### Brief
Each entry here needs to be given again exactly.

::::::::::

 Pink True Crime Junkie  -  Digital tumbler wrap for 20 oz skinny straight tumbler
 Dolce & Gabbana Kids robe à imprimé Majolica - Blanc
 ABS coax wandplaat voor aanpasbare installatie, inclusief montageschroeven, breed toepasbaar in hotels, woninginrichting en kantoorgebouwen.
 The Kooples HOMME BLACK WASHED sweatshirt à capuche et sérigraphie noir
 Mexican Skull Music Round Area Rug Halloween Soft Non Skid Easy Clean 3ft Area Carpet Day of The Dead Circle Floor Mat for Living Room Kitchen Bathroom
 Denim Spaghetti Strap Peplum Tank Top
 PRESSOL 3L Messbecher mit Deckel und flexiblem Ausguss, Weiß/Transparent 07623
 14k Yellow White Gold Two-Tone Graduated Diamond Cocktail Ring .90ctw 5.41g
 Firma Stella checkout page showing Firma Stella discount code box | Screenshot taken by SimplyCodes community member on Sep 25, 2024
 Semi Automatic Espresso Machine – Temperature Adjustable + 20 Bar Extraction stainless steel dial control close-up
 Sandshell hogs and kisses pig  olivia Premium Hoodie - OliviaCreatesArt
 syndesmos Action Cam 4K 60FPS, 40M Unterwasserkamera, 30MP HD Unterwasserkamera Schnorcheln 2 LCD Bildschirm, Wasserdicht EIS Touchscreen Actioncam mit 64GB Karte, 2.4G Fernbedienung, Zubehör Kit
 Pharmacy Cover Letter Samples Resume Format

::::::::::

### Output
 Pink True Crime Junkie  -  Digital tumbler wrap for 20 oz skinny straight tumbler
 Dolce & Gabbana Kids robe à imprimé Majolica - Blanc
 ABS coax wandplaat voor aanpasbare installatie, inclusief montageschroeven, breed toepasbaar in hotels, woninginrichting en kantoorgebouwen.
 The Kooples HOMME BLACK WASHED sweatshirt à capuche et sérigraphie noir
 Mexican Skull Music Round Area Rug Halloween Soft Non Skid Easy Clean 3ft Area Carpet Day of The Dead Circle Floor Mat for Living Room Kitchen Bathroom
 Denim Spaghetti Strap Peplum Tank Top
 PRESSOL 3L Messbecher mit Deckel und flexiblem Ausguss, Weiß/Transparent 07623
 14k Yellow White Gold Two-Tone Graduated Diamond Cocktail Ring .90ctw 5.41g
 Firma Stella checkout page showing Firma Stella discount code box | Screenshot taken by SimplyCodes community member on Sep 25, 2024
 Semi Automatic Espresso Machine – Temperature Adjustable + 20 Bar Extraction stainless steel dial control close-up
 Sandshell hogs and kisses pig  olivia Premium Hoodie - OliviaCreatesArt
 syndesmos Action Cam 4K 60FPS, 40M Unterwasserkamera, 30MP HD Unterwasserkamera Schnorcheln 2 LCD Bildschirm, Wasserdicht EIS Touchscreen Actioncam mit 64GB Karte, 2.4G Fernbedienung, Zubehör Kit
 Pharmacy Cover Letter Samples Resume Format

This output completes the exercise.